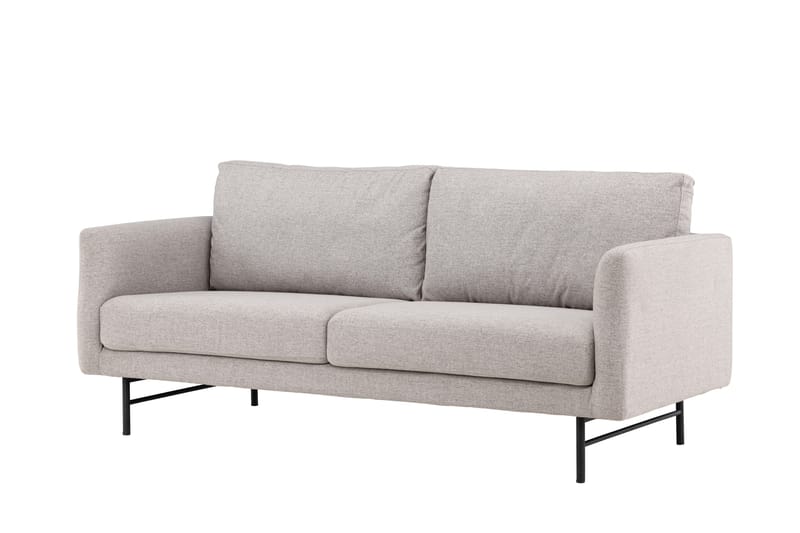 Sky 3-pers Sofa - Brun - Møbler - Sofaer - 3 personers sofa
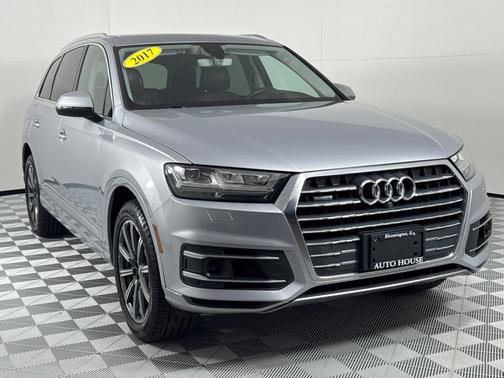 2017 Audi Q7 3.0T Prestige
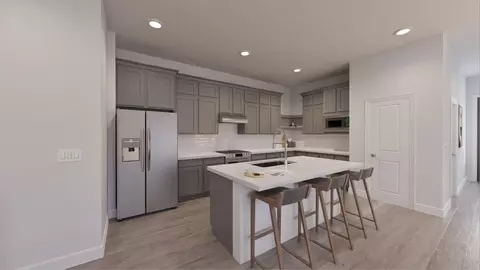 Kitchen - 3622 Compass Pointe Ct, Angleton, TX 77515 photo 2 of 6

(Your assignment): What you need to copy is the run of lines from the one holding "2017 Audi Q7 3.0T Prestige" through the end of the data, exactly and only, both ends included, pictures omitted.

(Your response):
 2017 Audi Q7 3.0T Prestige
 Kitchen - 3622 Compass Pointe Ct, Angleton, TX 77515 photo 2 of 6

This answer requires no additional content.